Jakarta to Start With Ambitious $34b Giant Sea Wall Project i

Courtesy of the Coordinating Ministry of Economic Affairs. Screen shoot was taken from a document: Master Plan National Capital Integrated Coastal Development

By : Eko Aditya & Hari Gunarto | on 9:25 PM August 10, 2014
Category : Business, Economy

Courtesy of the Coordinating Ministry of Economic Affairs. Screen shoot was taken from a document: Master Plan National Capital Integrated Coastal Development Draft of the Master Plan for National Capital Integrated Coastal Development. (JG Screen Grab courtesy of the website of the Coordinating Ministry of Economic Affairs)

Jakarta. Jakarta is expected to break ground on the sea wall project, valued at Rp 400 trillion ($33.9 billion), on the city’s coastal area, in September, in a bid to prevent flooding, a high-level regional government official said on Friday.
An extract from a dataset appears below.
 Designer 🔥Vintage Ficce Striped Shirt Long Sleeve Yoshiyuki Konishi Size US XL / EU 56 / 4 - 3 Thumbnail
The National Capital Integrated Coastal Development project is a joint cooperation between the Indonesian government and the Netherlands, and its goals are to protect the capital from flooding caused by high tides. Another objective of the venture is to develop the coastal area.
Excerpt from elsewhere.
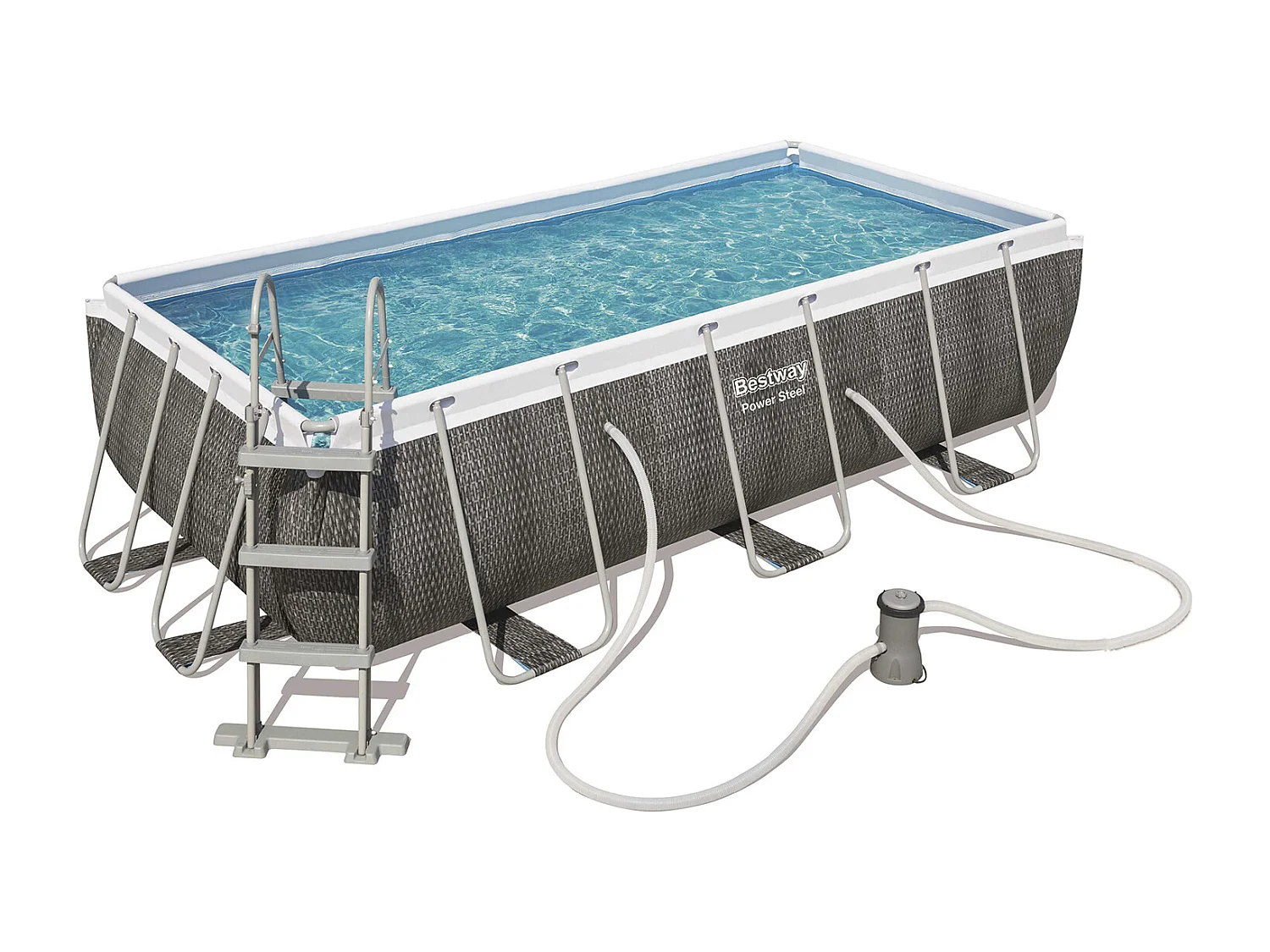 Piscina Desmontable Tubular Bestway Power Steel 404x201x100 cm Depuradora de Cartucho de 2.006 L/H Con Escalera Diseño Ratán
The project includes reclaiming some lands to create 17 artificial islands.

Andi Baso Mappapoleonro, head of the Regional Development Planning Agency (Bappeda), said the master plan for the NCICD is expected to be finalized by the end of August and ground breaking can be expected next month.

The plan is led by Dutch consulting and engineering firm Witteveen+Bos, under guidance from the project’s executing agency, the office of Indonesia’s coordinating minister for economy.

“We ask them to speed up the road map of developments, including the financing scheme and organizational structure. That was the outcome after a meeting with the team from the Jakarta governor recently,” Andi told Investor Daily.

Under the plan, a 32-kilometer long seawall will be built, spanning from Teluk Naga in Tangerang, Banten to Tanjung Priok in North Jakarta.

The project is also expected to help reduce flooding in urban areas and rivers, which have been a perennial issue for Jakarta’s population of about 10 million people.

Andi said it may take 10 years after the ground breaking for the first phase of the project to be completed.

At this stage, development will center on upgrading 30-kilometer-long ditches that Jakarta already has and creating the 17 artificial islands.

After that, the second stage of development involves working on the 32-kilometer long sea wall and the urban development facilities.

Andi said the government has yet to specify the proportion of investment from the private sector, the central government and the Jakarta municipality.

“But it all will be tendered,” he said, adding that after the master plan has been completed, the government will decide on the scheme for the tender, “whether it will be for the entire project, or per package [of smaller projects].”